Pete Drucker‘s book The Effective Executive: The Definitive Guide to Getting the Right Things Done is one of my most frequent recommendations.
Everyone can get something from it because it’s not about the minutiae of business, it’s about organizing your life so you can accomplish the things that are important.
Drucker is probably the most influential writer on the subject of management. Why? One of the reasons is that he understood that the most important part of management is knowing yourself.
What are the book’s most critical lessons?
Record how you spend your time. Cut the things that steal it. Then consolidate your time into chunks big enough to accomplish good work.
Via The Effective Executive: The Definitive Guide to Getting the Right Things Done:
Effective executives, in my observation, do not start with their tasks. They start with their time. And they do not start out with planning. They start by finding out where their time actually goes. Then they attempt to manage their time and to cut back unproductive demands on their time. Finally they consolidate their “discretionary” time into the largest possible continuing units. This three-step process: recording time, managing time, and consolidating time…
Don’t focus on the work in front of you, focus on results.
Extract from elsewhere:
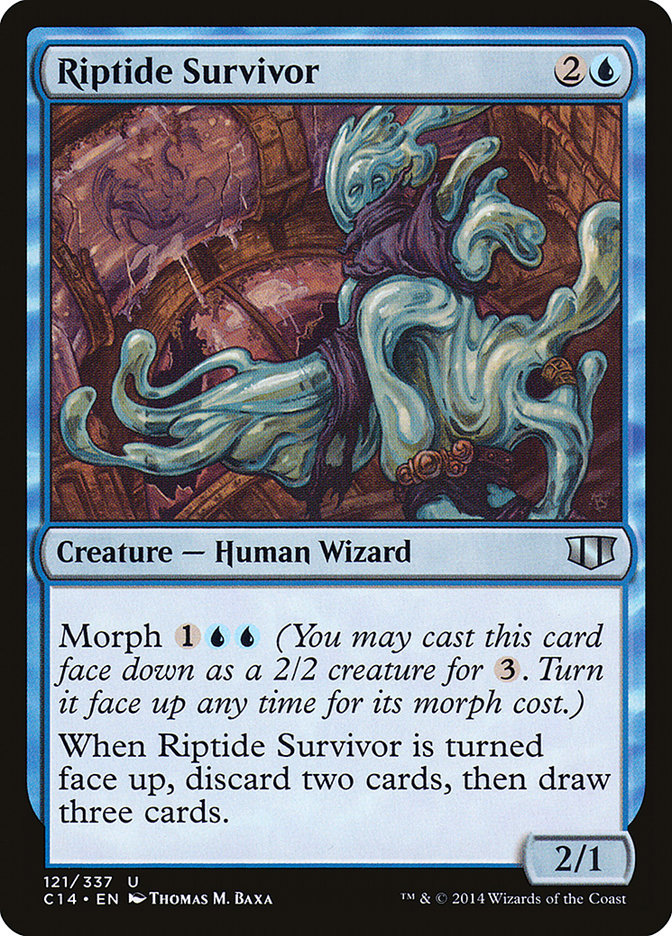 Riptide Survivor [Commander 2014] | Grognard Games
If you’re just doing what comes in, you’re on the treadmill, not making a difference.
Via The Effective Executive: The Definitive Guide to Getting the Right Things Done:
If the executive lets the flow of events determine what he does, what he works on, and what he takes seriously, he will fritter himself away “operating.” He may be an excellent man. But he is certain to waste his knowledge and ability and to throw away what little effectiveness he might have achieved. What the executive needs are criteria which enable him to work on the truly important, that is, on contributions and results, even though the criteria are not found in the flow of events.
Judge people by what they’re good at. If you want people who are competent at everything you’ll end up with a team of mediocrities.
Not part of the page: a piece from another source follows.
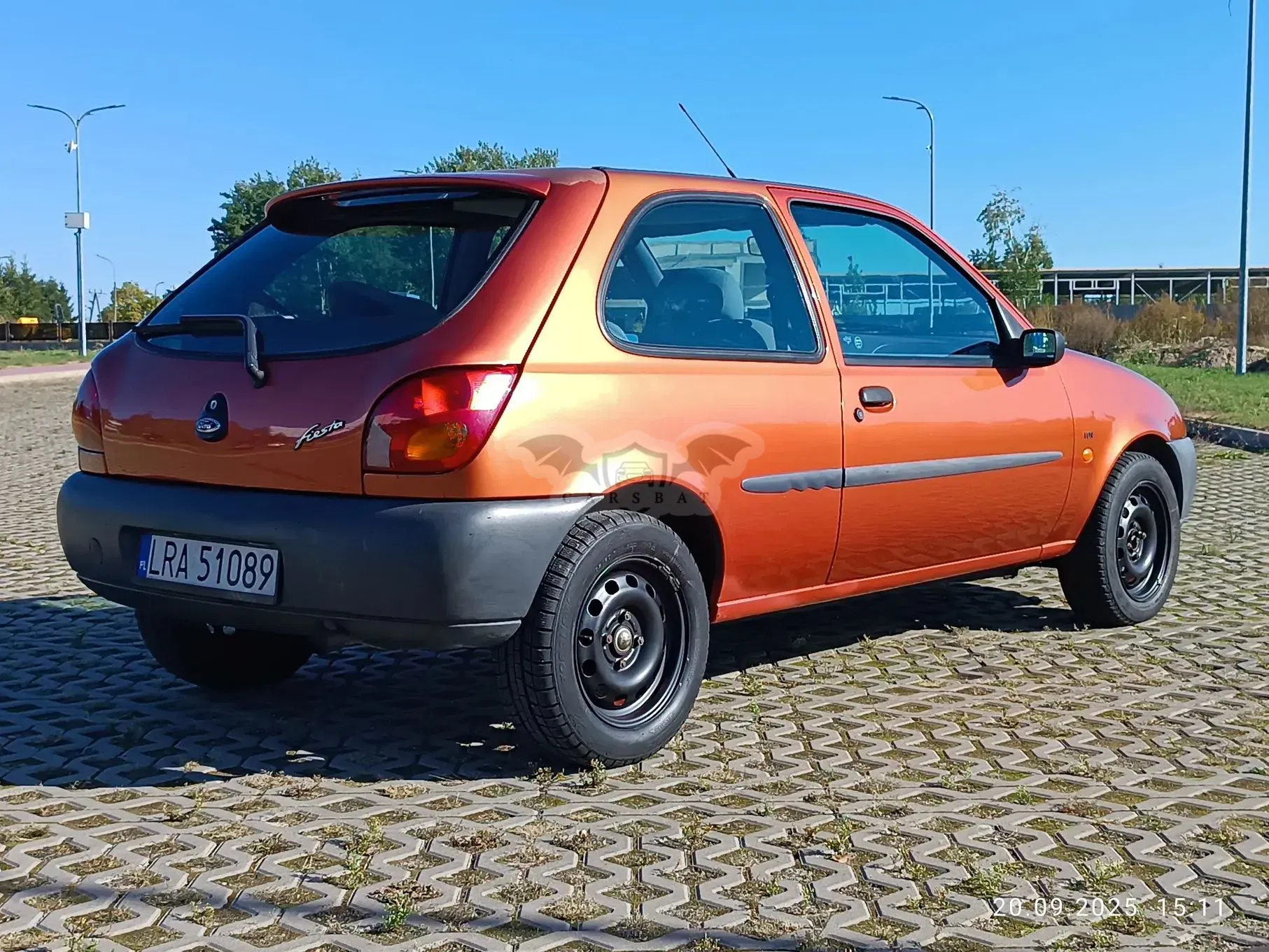 Ford Fiesta Mk4 (1996-1999) 1.3 Fun 1996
Via The Effective Executive: The Definitive Guide to Getting the Right Things Done:
The task is not to breed generalists. It is to enable the specialist to make himself and his specialty effective. This means that he must think through who is to use his output and what the user needs to know and to understand to be able to make productive the fragment the specialist produces… We can so structure as to make the strength relevant. A good tax accountant in private practice might be greatly hampered by his inability to get along with people. But in an organization such a man can be set up in an office of his own and shielded from direct contact with other people. In an organization one can make his strength effective and his weakness irrelevant.
Want to get ahead? You must do this for your boss as well. Stop bitching about what they’re bad at and do the work necessary to allow them to focus on what they are good at.
Via The Effective Executive: The Definitive Guide to Getting the Right Things Done:
Conversely, there is nothing quite as conducive to success, as a successful and rapidly promoted superior… The effective executive, therefore, asks: “What can my boss do really well?” “What has he done really well?” “What does he need to know to use his strength?” “What does he need to get from me to perform?” He does not worry too much over what the boss cannot do… Subordinates typically want to “reform” the boss. The able senior civil servant is inclined to see himself as the tutor to the newly appointed political head of his agency. He tries to get his boss to overcome his limitations. The effective ones ask instead: “What can the new boss do?” And if the answer is: “He is good at relationships with Congress, the White House, and the public,” then the civil servant works at making it possible for his minister to use these abilities.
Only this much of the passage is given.